*WORK TASK*:
Copy the listing exactly, images excluded.

------------------------------------------------------------

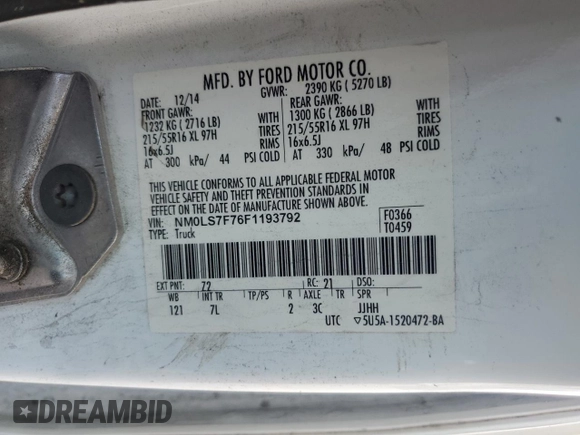 2015 Ford Transit Connect XLT with VIN NM0LS7F76F1193792, listed as a Copart auction lot 60272515 with 229,105 mi miles and Salvage title. Bid and sale history available at DreamBid. Image 13.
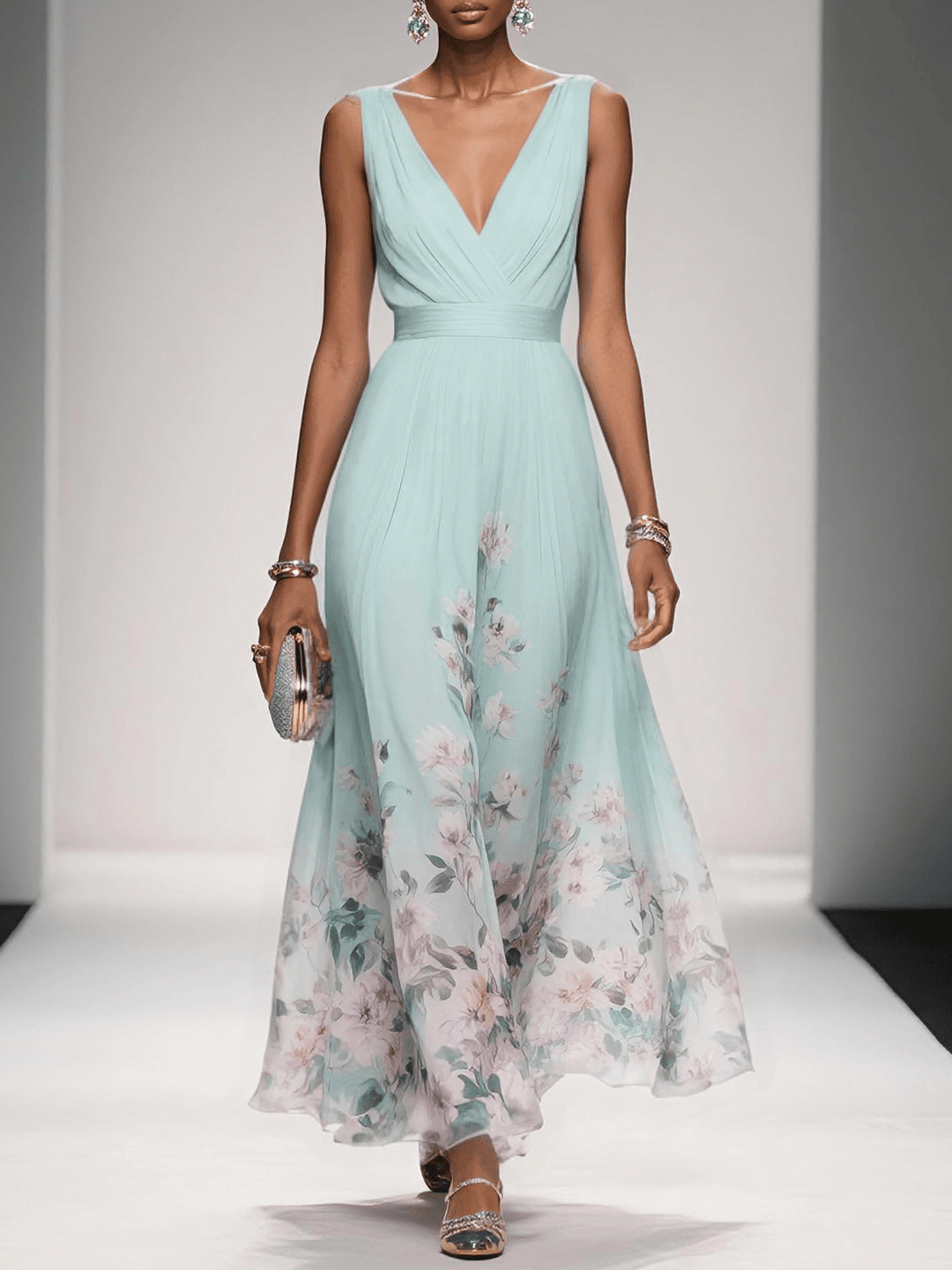 Roza | Rochie Maxi din Chiffon Albăstrie cu Decolteu în Formă de Sere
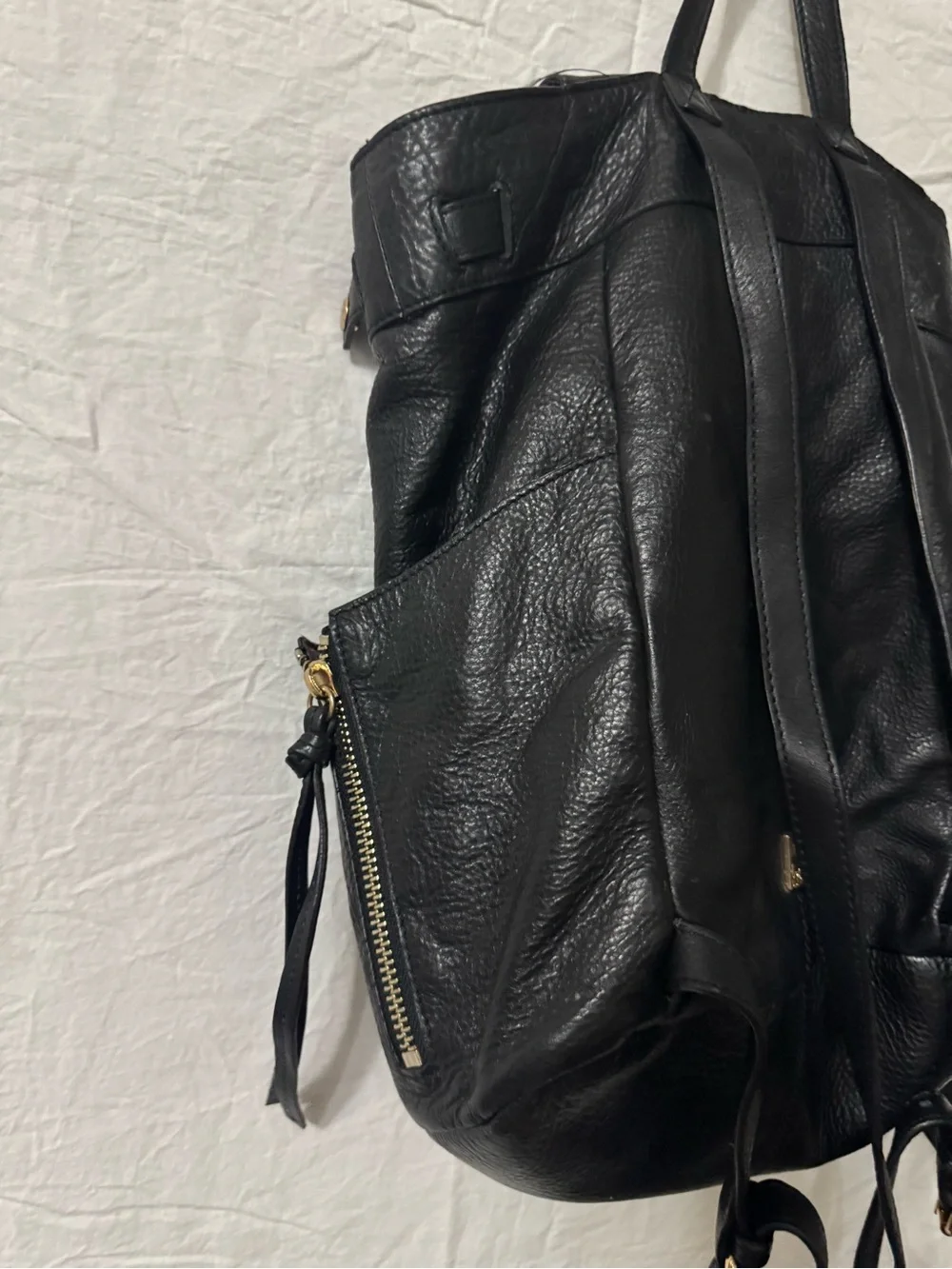 Black Leather Tassel Backpack Tote - Women's Bag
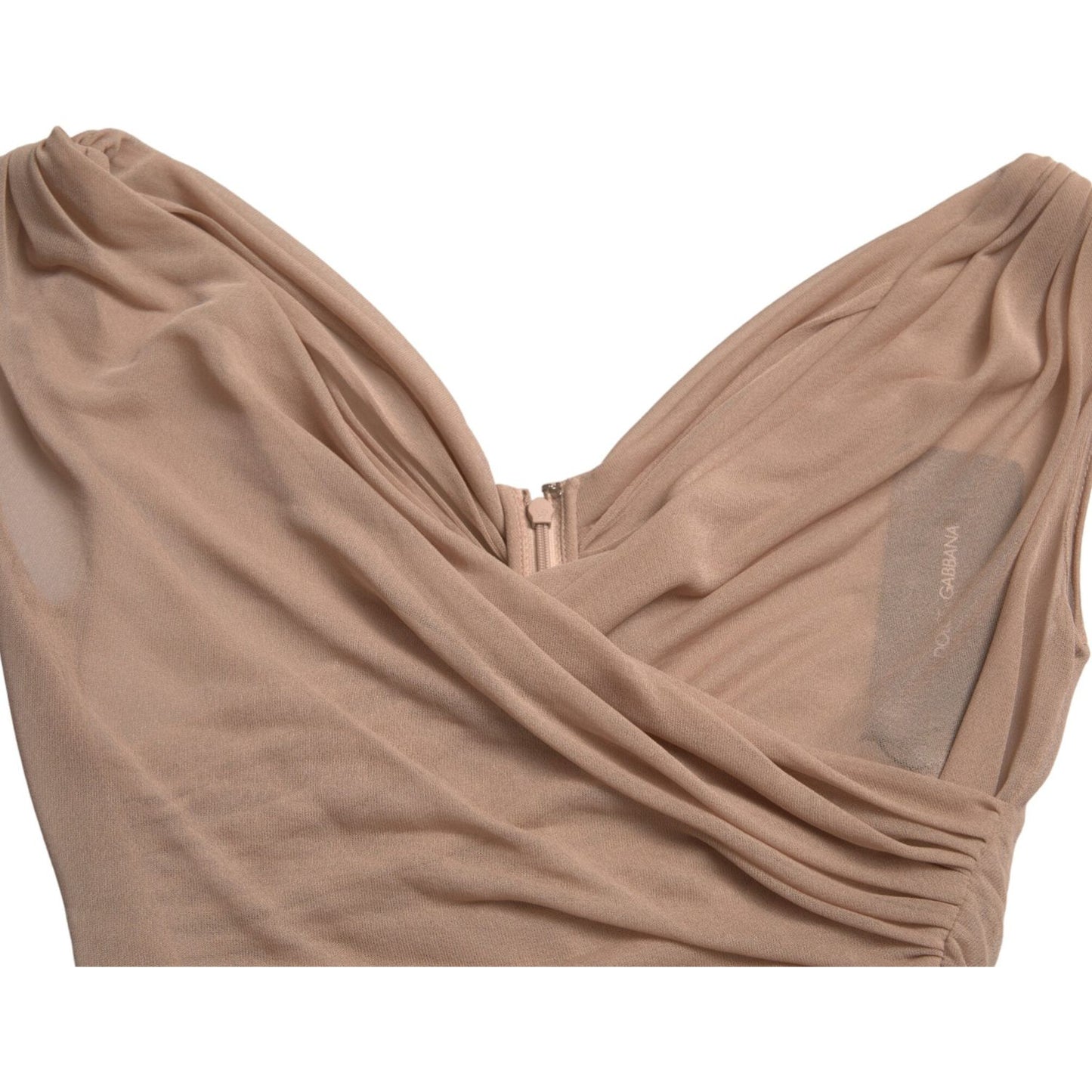 Dolce & Gabbana Elegant Beige V-Neck Sleeveless Sheer Tank Top Dolce & Gabbana Rosy Brown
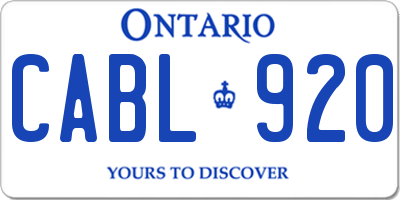 ON license plate CABL920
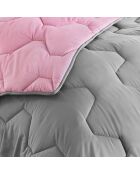 Couette 300gsm et  2 oreillers blanc/rose/gris - 200x200 cm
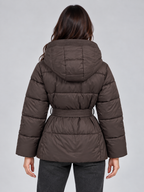 Hooded Puffer Jacket – Quilted Belted Winter Coat
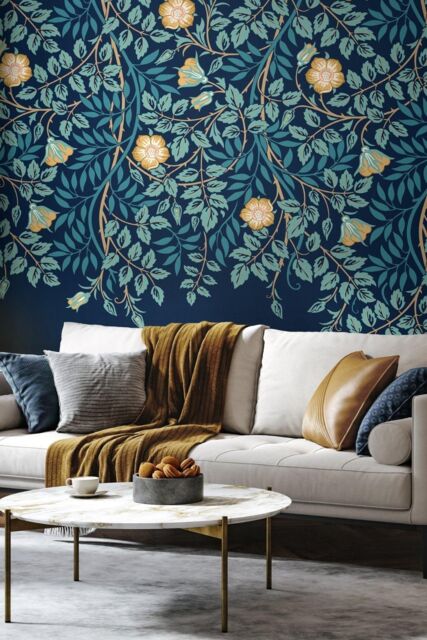 Origin Murals Cascading Rosehip Wall Mural in Teal - Size: W350 cm x H280 cm - image 1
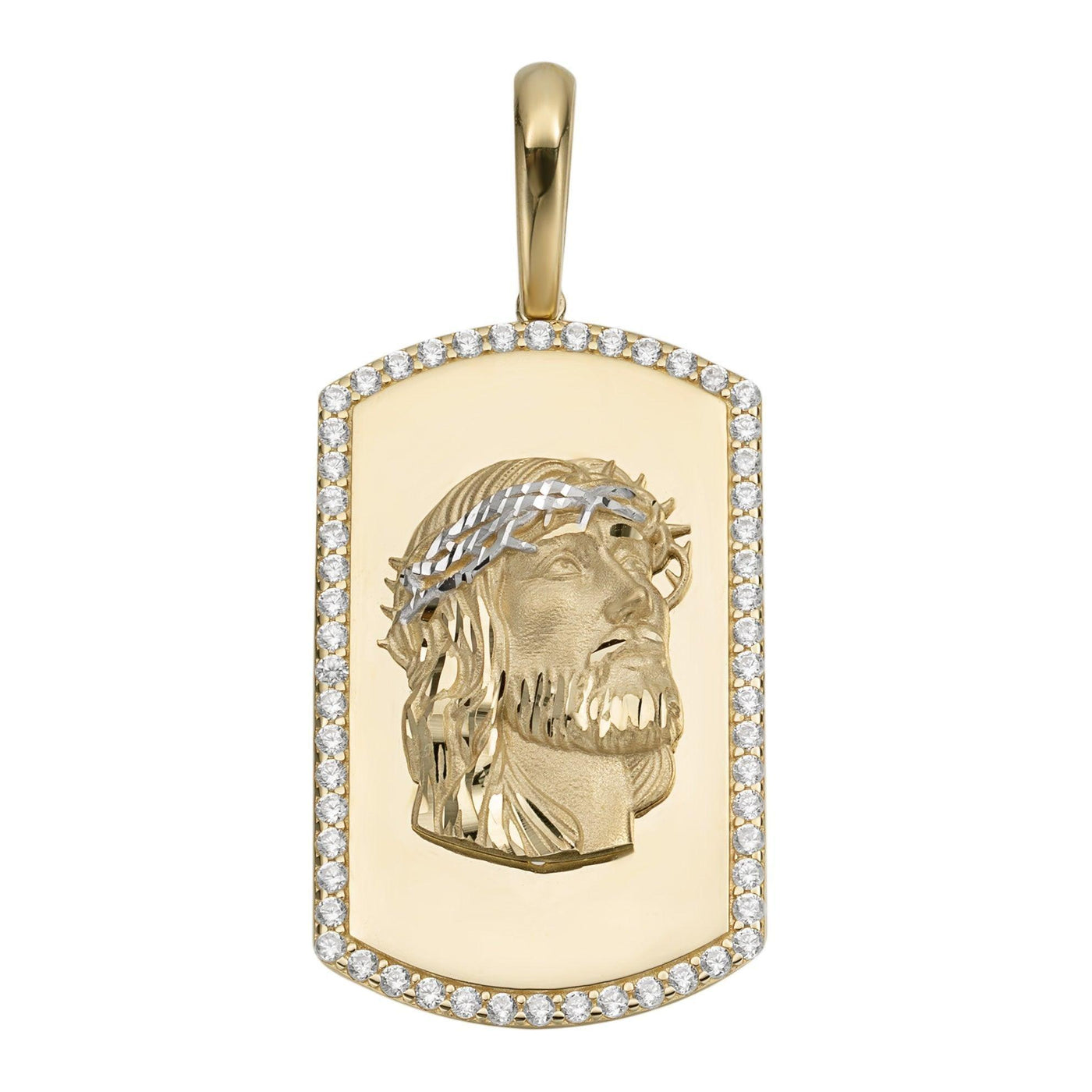 1 3/4" Jesus Head Dog Tag CZ Charm Pendant Solid 10K Yellow Gold - bayamjewelry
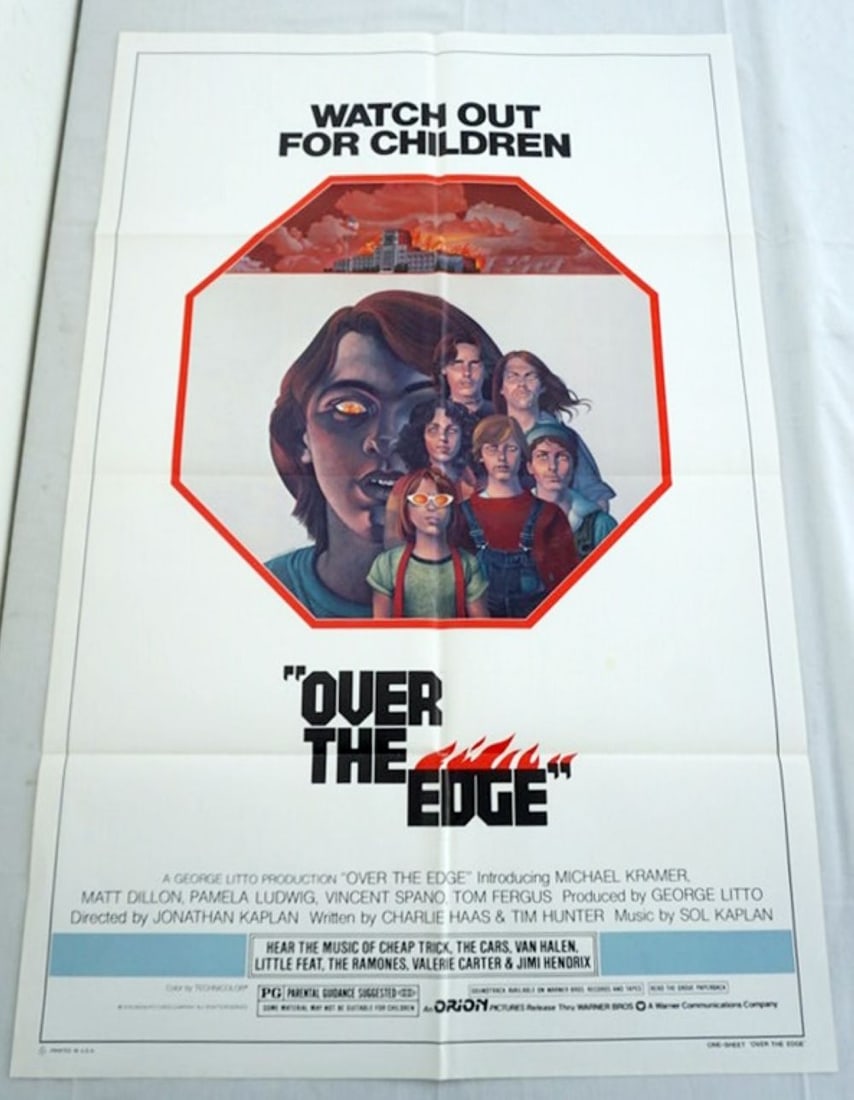 VINTAGE MOVIE POSTER *OVER THE EDGE*: VINTAGE MOVIE POSTER *OVER THE EDGE* 1979, MATT DILLON, ORION PICTURES, APPROXIMATELY 27 IN X 41 IN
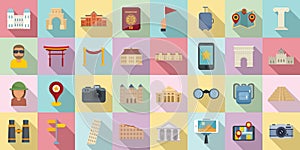 Sightseeing icons set, flat style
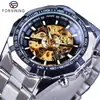 Nuevo Reloj Mecánico Semi-Automático Luminoso Hueco Estilo Clásico 340 de Moda Casual para Hombre Forsining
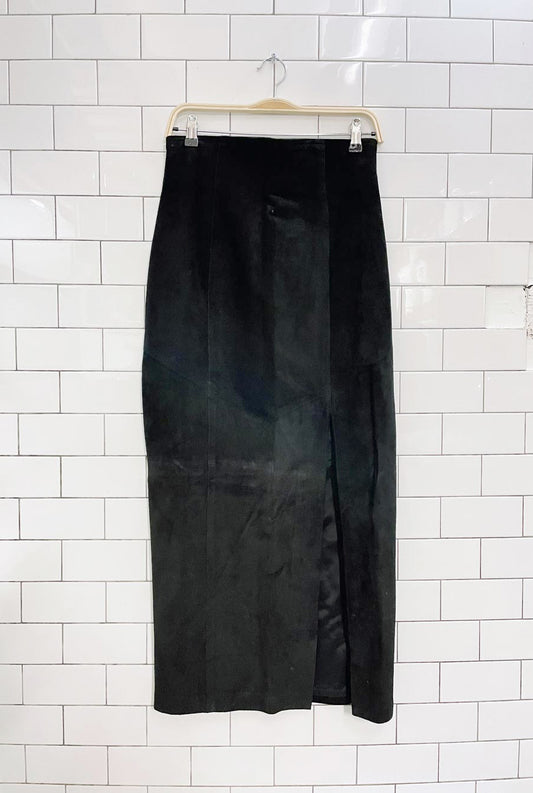 vintage 90s danier suede maxi skirt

------------------------------------------------------------

*SOLVED PROBLEM*:
 2015 Ford Transit Connect XLT with VIN NM0LS7F76F1193792, listed as a Copart auction lot 60272515 with 229,105 mi miles and Salvage title. Bid and sale history available at DreamBid. Image 13.
 Roza | Rochie Maxi din Chiffon Albăstrie cu Decolteu în Formă de Sere
 Black Leather Tassel Backpack Tote - Women's Bag
 Dolce & Gabbana Elegant Beige V-Neck Sleeveless Sheer Tank Top Dolce & Gabbana Rosy Brown
 ON license plate CABL920
 Couette 300gsm et  2 oreillers blanc/rose/gris - 200x200 cm
 Hooded Puffer Jacket – Quilted Belted Winter Coat
 Origin Murals Cascading Rosehip Wall Mural in Teal - Size: W350 cm x H280 cm - image 1
 1 3/4" Jesus Head Dog Tag CZ Charm Pendant Solid 10K Yellow Gold - bayamjewelry
 VINTAGE MOVIE POSTER *OVER THE EDGE*: VINTAGE MOVIE POSTER *OVER THE EDGE* 1979, MATT DILLON, ORION PICTURES, APPROXIMATELY 27 IN X 41 IN
 Sightseeing icons set, flat style
 Nuevo Reloj Mecánico Semi-Automático Luminoso Hueco Estilo Clásico 340 de Moda Casual para Hombre Forsining
 vintage 90s danier suede maxi skirt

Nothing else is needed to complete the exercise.